What the task requires =
Quote exactly and only this range of lines in the data below: the line that holds "Dear Malang, What's good?" to the line that holds "5305 Magnolia Gardens Lane Acworth - 55", both included.

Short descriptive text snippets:
►

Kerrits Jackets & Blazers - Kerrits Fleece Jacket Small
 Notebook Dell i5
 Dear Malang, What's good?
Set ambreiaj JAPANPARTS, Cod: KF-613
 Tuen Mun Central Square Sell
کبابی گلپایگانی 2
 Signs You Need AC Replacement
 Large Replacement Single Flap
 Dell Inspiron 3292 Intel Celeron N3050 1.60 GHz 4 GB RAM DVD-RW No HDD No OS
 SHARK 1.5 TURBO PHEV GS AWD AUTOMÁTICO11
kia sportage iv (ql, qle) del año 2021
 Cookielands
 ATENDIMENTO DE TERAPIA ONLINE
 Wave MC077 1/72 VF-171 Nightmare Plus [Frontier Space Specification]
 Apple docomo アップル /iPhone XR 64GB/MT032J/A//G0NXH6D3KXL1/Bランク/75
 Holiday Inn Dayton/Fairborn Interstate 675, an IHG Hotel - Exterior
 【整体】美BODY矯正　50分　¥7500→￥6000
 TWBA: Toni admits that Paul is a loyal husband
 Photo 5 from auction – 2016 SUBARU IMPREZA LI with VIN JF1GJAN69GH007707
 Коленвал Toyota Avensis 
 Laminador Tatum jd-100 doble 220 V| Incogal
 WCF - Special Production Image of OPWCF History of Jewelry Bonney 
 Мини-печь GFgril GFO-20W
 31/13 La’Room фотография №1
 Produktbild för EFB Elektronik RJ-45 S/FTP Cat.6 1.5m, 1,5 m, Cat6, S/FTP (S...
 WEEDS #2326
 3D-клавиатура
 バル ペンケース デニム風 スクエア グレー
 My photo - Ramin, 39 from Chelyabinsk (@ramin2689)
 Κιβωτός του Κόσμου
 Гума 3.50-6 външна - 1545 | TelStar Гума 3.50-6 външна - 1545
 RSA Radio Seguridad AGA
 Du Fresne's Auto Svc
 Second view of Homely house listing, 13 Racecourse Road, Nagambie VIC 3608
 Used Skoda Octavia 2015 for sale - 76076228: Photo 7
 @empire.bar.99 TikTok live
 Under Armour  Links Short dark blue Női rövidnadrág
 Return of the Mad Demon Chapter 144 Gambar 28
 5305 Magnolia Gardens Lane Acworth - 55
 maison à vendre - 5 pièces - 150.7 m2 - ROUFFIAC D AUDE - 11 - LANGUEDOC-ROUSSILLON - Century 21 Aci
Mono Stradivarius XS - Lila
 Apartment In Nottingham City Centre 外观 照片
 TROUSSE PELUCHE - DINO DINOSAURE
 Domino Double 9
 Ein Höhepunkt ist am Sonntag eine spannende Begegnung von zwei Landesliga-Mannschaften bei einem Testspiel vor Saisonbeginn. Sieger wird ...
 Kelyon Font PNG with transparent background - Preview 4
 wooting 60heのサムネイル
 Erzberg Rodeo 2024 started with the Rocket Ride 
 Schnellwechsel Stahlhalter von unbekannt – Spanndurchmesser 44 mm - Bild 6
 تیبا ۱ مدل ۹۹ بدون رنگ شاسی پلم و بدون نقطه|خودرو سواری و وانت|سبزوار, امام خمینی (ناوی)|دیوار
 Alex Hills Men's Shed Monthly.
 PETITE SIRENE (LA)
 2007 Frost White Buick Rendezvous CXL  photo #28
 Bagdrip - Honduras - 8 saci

◄

Expected answer =
 Dear Malang, What's good?
Set ambreiaj JAPANPARTS, Cod: KF-613
 Tuen Mun Central Square Sell
کبابی گلپایگانی 2
 Signs You Need AC Replacement
 Large Replacement Single Flap
 Dell Inspiron 3292 Intel Celeron N3050 1.60 GHz 4 GB RAM DVD-RW No HDD No OS
 SHARK 1.5 TURBO PHEV GS AWD AUTOMÁTICO11
kia sportage iv (ql, qle) del año 2021
 Cookielands
 ATENDIMENTO DE TERAPIA ONLINE
 Wave MC077 1/72 VF-171 Nightmare Plus [Frontier Space Specification]
 Apple docomo アップル /iPhone XR 64GB/MT032J/A//G0NXH6D3KXL1/Bランク/75
 Holiday Inn Dayton/Fairborn Interstate 675, an IHG Hotel - Exterior
 【整体】美BODY矯正　50分　¥7500→￥6000
 TWBA: Toni admits that Paul is a loyal husband
 Photo 5 from auction – 2016 SUBARU IMPREZA LI with VIN JF1GJAN69GH007707
 Коленвал Toyota Avensis 
 Laminador Tatum jd-100 doble 220 V| Incogal
 WCF - Special Production Image of OPWCF History of Jewelry Bonney 
 Мини-печь GFgril GFO-20W
 31/13 La’Room фотография №1
 Produktbild för EFB Elektronik RJ-45 S/FTP Cat.6 1.5m, 1,5 m, Cat6, S/FTP (S...
 WEEDS #2326
 3D-клавиатура
 バル ペンケース デニム風 スクエア グレー
 My photo - Ramin, 39 from Chelyabinsk (@ramin2689)
 Κιβωτός του Κόσμου
 Гума 3.50-6 външна - 1545 | TelStar Гума 3.50-6 външна - 1545
 RSA Radio Seguridad AGA
 Du Fresne's Auto Svc
 Second view of Homely house listing, 13 Racecourse Road, Nagambie VIC 3608
 Used Skoda Octavia 2015 for sale - 76076228: Photo 7
 @empire.bar.99 TikTok live
 Under Armour  Links Short dark blue Női rövidnadrág
 Return of the Mad Demon Chapter 144 Gambar 28
 5305 Magnolia Gardens Lane Acworth - 55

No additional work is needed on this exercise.